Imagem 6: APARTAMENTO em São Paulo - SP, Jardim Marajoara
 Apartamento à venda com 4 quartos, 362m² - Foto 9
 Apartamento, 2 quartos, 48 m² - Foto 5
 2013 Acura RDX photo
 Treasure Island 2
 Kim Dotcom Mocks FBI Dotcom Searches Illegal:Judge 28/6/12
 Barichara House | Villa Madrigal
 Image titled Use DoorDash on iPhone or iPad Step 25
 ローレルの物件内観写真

__WORK REQUEST__
An exact copy of the lines from the one with "Apartamento à venda" to the final line of the entries is all that the answer should hold.

__TASK RESULT__
 Apartamento à venda com 4 quartos, 362m² - Foto 9
 Apartamento, 2 quartos, 48 m² - Foto 5
 2013 Acura RDX photo
 Treasure Island 2
 Kim Dotcom Mocks FBI Dotcom Searches Illegal:Judge 28/6/12
 Barichara House | Villa Madrigal
 Image titled Use DoorDash on iPhone or iPad Step 25
 ローレルの物件内観写真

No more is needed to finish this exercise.